▶ **Material for the task**:
== Segment start ==

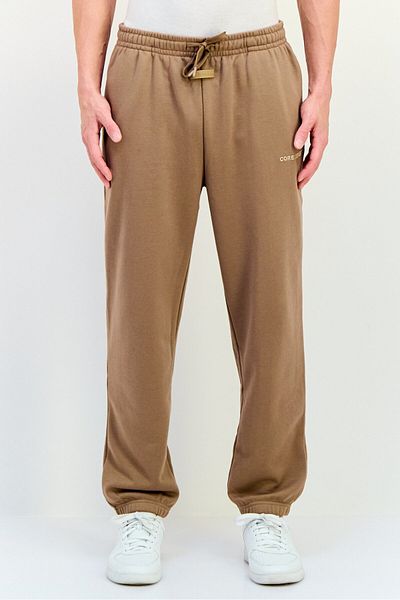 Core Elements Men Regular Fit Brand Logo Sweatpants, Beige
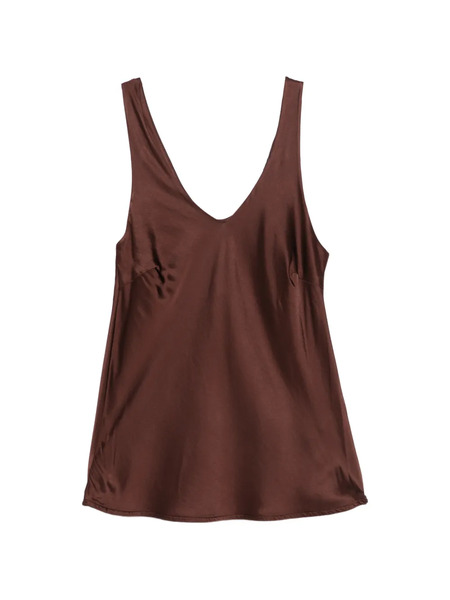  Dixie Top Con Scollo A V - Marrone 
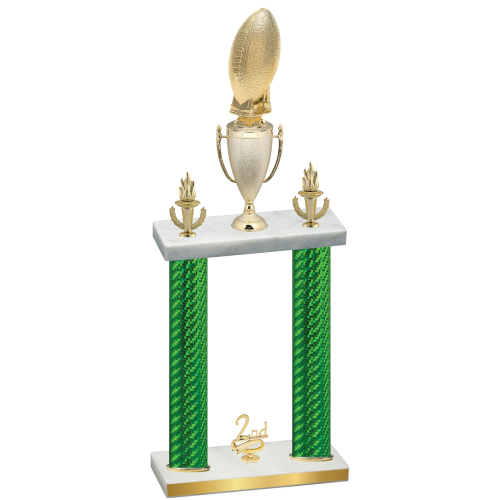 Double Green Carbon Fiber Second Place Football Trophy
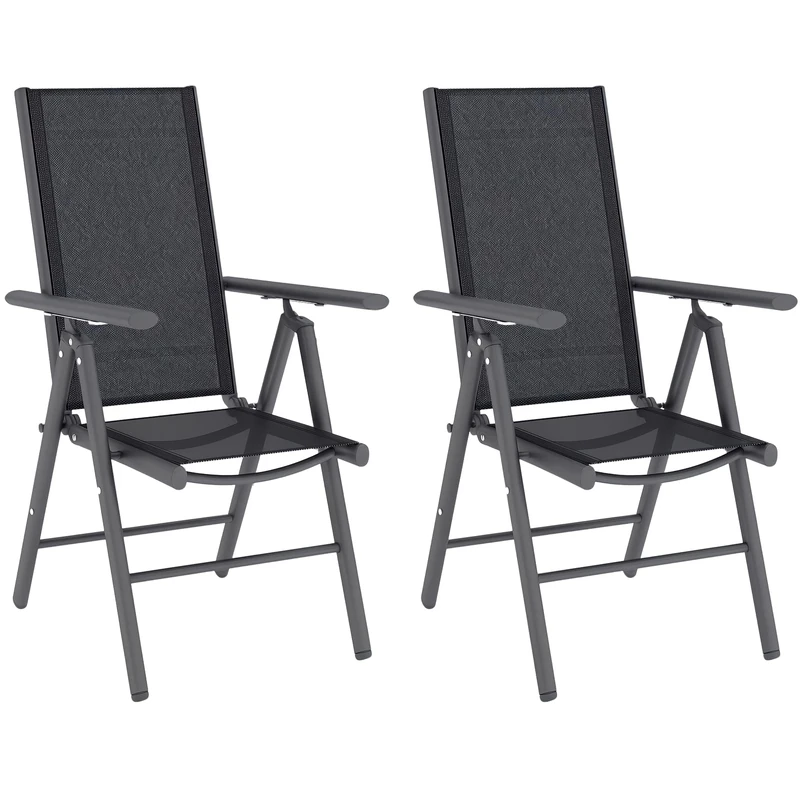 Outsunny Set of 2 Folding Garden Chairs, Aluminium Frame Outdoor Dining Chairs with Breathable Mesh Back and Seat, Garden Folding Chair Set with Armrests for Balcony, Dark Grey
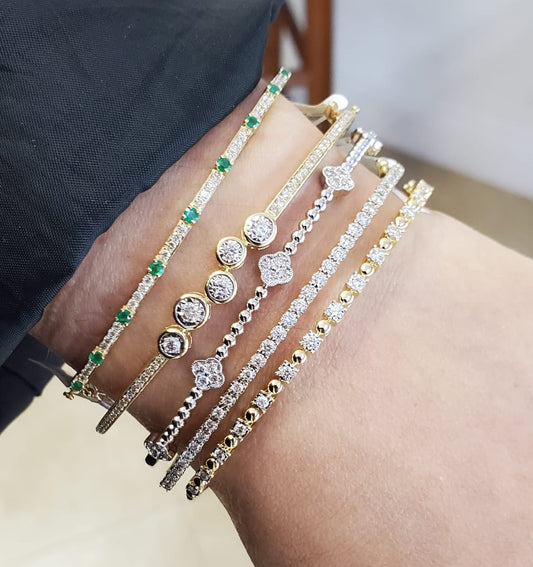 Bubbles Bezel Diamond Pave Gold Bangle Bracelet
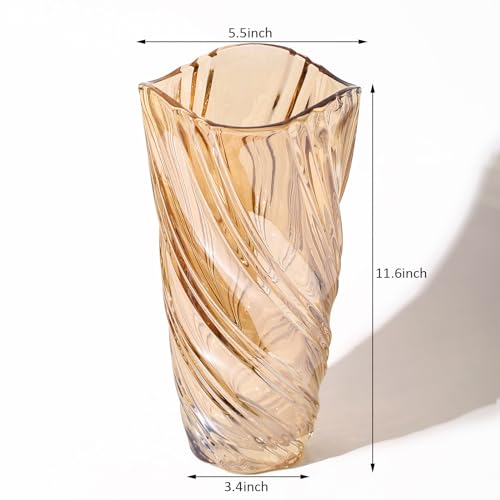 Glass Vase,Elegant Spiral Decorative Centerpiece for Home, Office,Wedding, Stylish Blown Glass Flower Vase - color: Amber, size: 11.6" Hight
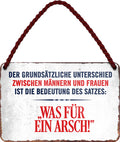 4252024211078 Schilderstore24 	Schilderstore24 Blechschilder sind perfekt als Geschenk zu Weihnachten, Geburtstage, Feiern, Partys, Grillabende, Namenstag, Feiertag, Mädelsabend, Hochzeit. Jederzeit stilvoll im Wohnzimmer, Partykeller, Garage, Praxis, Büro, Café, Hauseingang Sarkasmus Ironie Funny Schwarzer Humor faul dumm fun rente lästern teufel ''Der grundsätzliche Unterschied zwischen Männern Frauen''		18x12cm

== Segment end ==
== Segment start ==

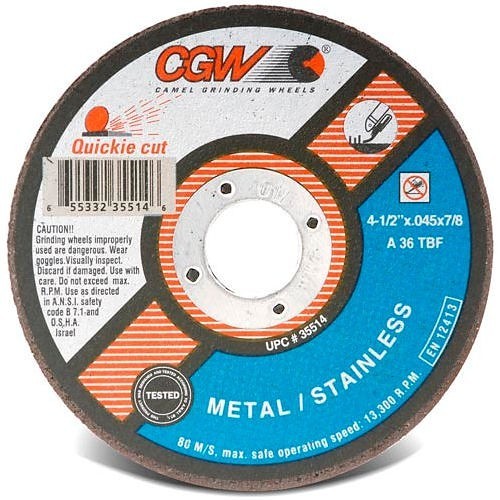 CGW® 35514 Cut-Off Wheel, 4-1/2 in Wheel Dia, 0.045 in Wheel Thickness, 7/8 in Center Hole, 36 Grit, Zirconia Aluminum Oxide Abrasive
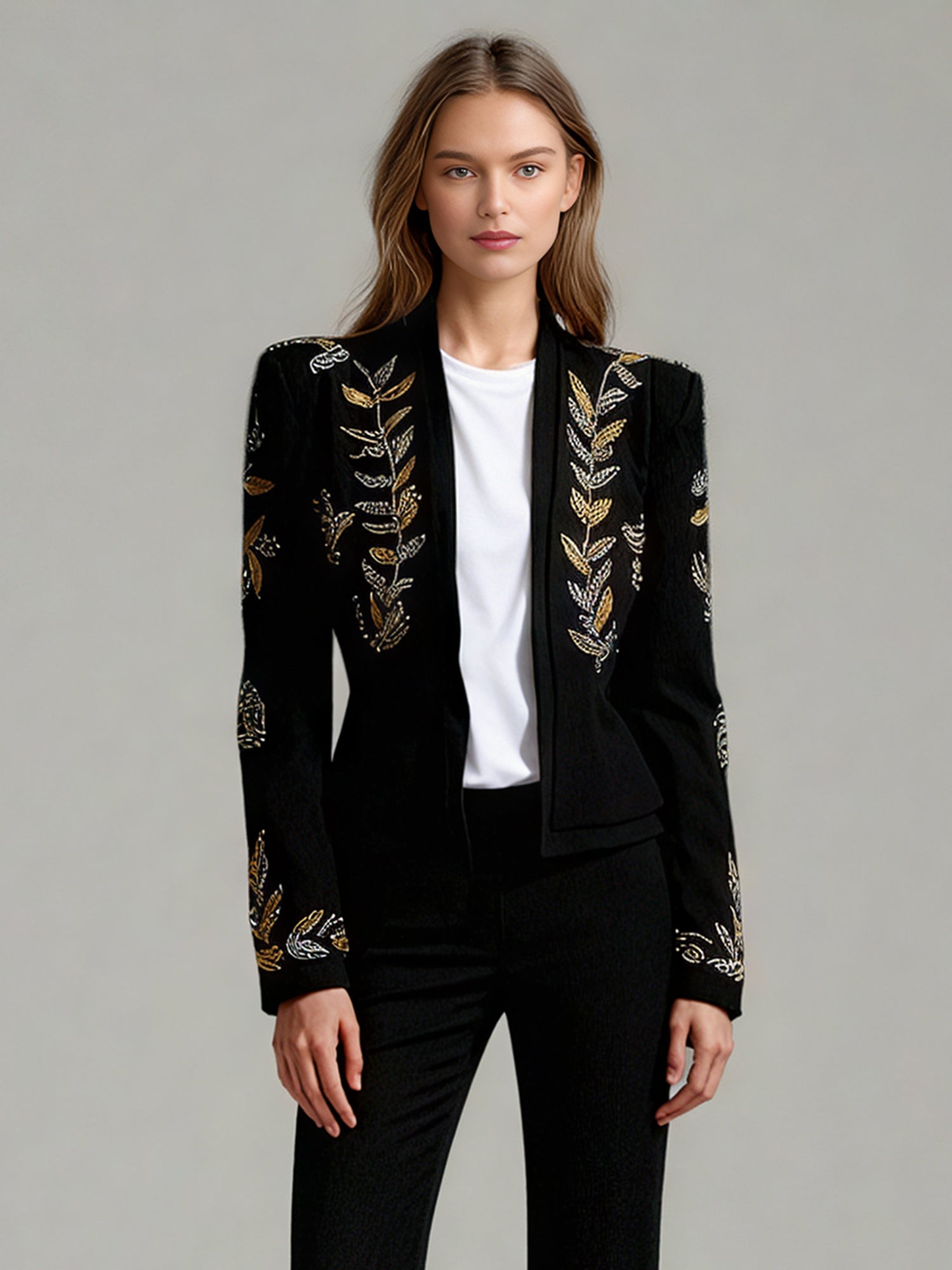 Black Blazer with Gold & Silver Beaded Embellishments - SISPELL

== Segment end ==

▶ **Task instructions**:
Transcribe, exactly and without pictures, everything in the data from the line with "Dixie Top Con Scollo A V - Marrone" down to the line with "Glass Vase,Elegant Spiral", both included.

▶ **Answer to this task**:
  Dixie Top Con Scollo A V - Marrone 
 Double Green Carbon Fiber Second Place Football Trophy
 Outsunny Set of 2 Folding Garden Chairs, Aluminium Frame Outdoor Dining Chairs with Breathable Mesh Back and Seat, Garden Folding Chair Set with Armrests for Balcony, Dark Grey
 Bubbles Bezel Diamond Pave Gold Bangle Bracelet
 Glass Vase,Elegant Spiral Decorative Centerpiece for Home, Office,Wedding, Stylish Blown Glass Flower Vase - color: Amber, size: 11.6" Hight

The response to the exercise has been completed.